Files

Michele Rossi dbe5c461b5 First commit

2026-01-10 23:34:39 +01:00

8.7 KiB

Raw Blame History

name, description

name	description
container-infrastructure-ops	Maintains, troubleshoots, and optimizes containerized infrastructure using Docker, Docker Compose, Kubernetes, Helm, and CI/CD pipelines. Enables system stability, security, reproducibility, and clear technical execution.

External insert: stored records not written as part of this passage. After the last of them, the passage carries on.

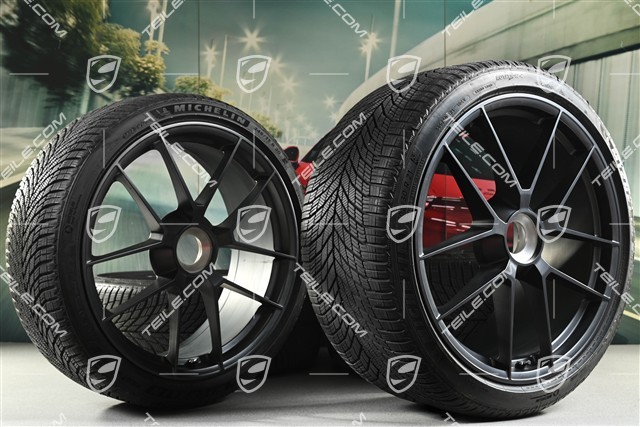 20"+21" Carrera GTS winter wheel set, with central locking, wheel rims 8,5J x 20 ET50 + 11J x 21 ET8 + Michelin winter tyres 245/35 R20 + 305/30 R21, with TPMS, Anthracite Grey, about 100km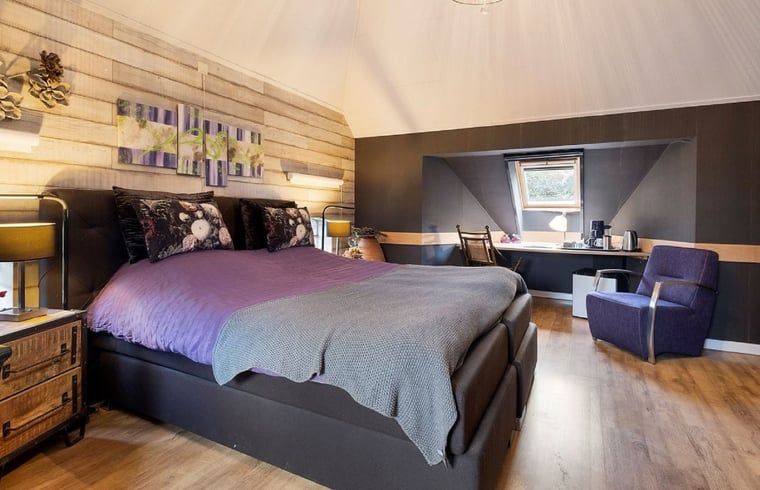 Gezellige slaapkamer in Huisje in Stieltjeskanaal, Zuidoost Drenthe, met modern interieur en comfortabele bedden.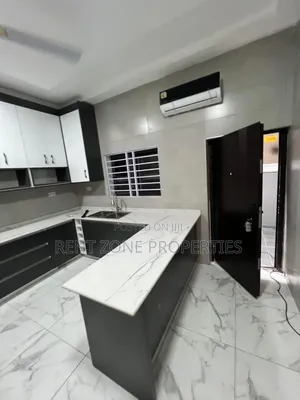 5bdrm Duplex in Mile 7 for sale
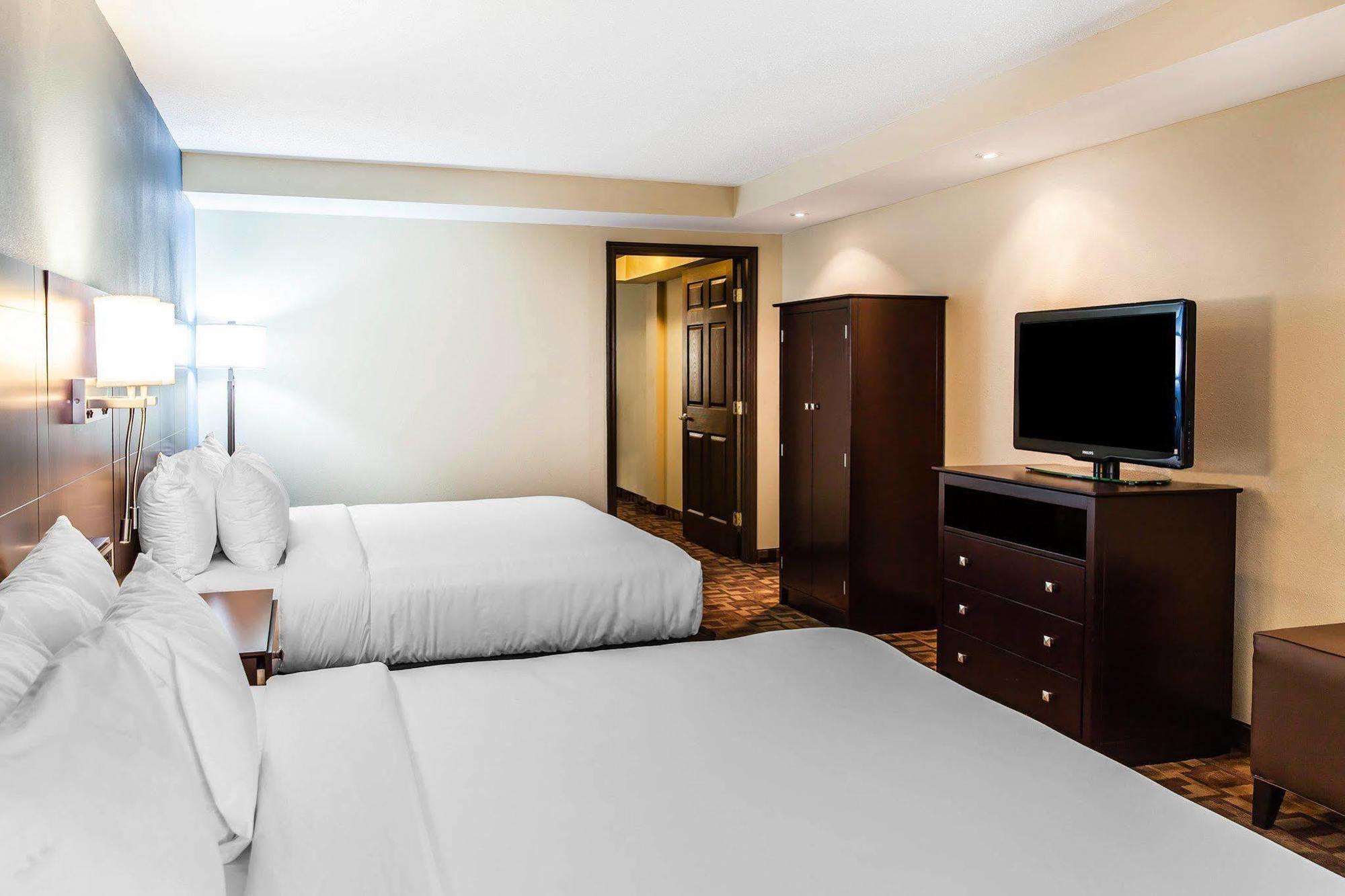 Comfort Inn & Suites Quakertown Buitenkant foto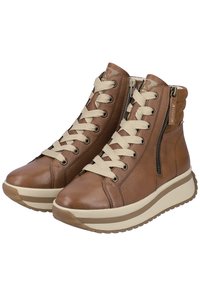 Baskets montantes en cuir marron avec lacets beiges et zip sur le côté. Présentent une finition texturée et une semelle de couleur claire avec des accents à motifs.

Use for deployment operations, container management, networking, storage, secrets management, monitoring, and infrastructure troubleshooting.

Container Infrastructure Operations

Comprehensive skill for managing and maintaining software stacks hosted on containerized infrastructure.

Core Capabilities

Docker & Docker Compose: Service orchestration, container lifecycle, volume management, networking
Kubernetes & Helm: Cluster operations, deployment manifests, package management, upgrades
CI/CD Pipelines: GitLab CI, GitHub Actions, and runner configuration
Networking & Routing: Reverse proxies (Traefik, nginx), TLS/HTTPS, service discovery
Storage & Data: Volume mounting, backup/restore, database operations, data persistence
Security: Secrets management, access control, network policies, RBAC
Monitoring & Logging: Health checks, log aggregation, observability
Troubleshooting: Container debugging, resource issues, log analysis, dependency resolution

Operational Workflows

1. Service Startup & Deployment

Docker Compose:

# Start all services
docker compose up -d

# Start specific service
docker compose up -d [service_name]

# Build and start
docker compose up --build -d

# With environment file
docker compose --env-file .env up -d

Kubernetes:

# Apply manifest
kubectl apply -f deployment.yaml

# Rolling update
kubectl set image deployment/[name] [container]=[image]:[tag]

# Check rollout status
kubectl rollout status deployment/[name]

Helm:

# Install release
helm install [release-name] [chart] -f values.yaml

# Upgrade existing release
helm upgrade [release-name] [chart] -f values.yaml

# Rollback to previous version
helm rollback [release-name] [revision]

2. Service Inspection & Monitoring

Docker Compose:

# View running services
docker compose ps

# View logs (follow)
docker compose logs -f [service_name]

# View logs with time range
docker compose logs --since 10m [service_name]

# Inspect container stats
docker stats [container_id]

Kubernetes:

# List resources
kubectl get pods -n [namespace]
kubectl get svc -n [namespace]

# Describe resource (detailed info)
kubectl describe pod [pod_name] -n [namespace]

# View logs
kubectl logs [pod_name] -n [namespace]
kubectl logs -f [pod_name] -n [namespace]  # Follow

# Watch resources in real-time
kubectl get pods -w -n [namespace]

3. Environment & Configuration Management

Load environment variables:

# From .env file
set -a
source .env
set +a

# Apply to specific command
env $(cat .env | xargs) docker compose up -d

Manage secrets:

# Docker Compose (from file)
docker secrets create [name] /path/to/secret

# Kubernetes
kubectl create secret generic [name] --from-file=key=/path/to/secret
kubectl create secret docker-registry [name] --docker-server=[url]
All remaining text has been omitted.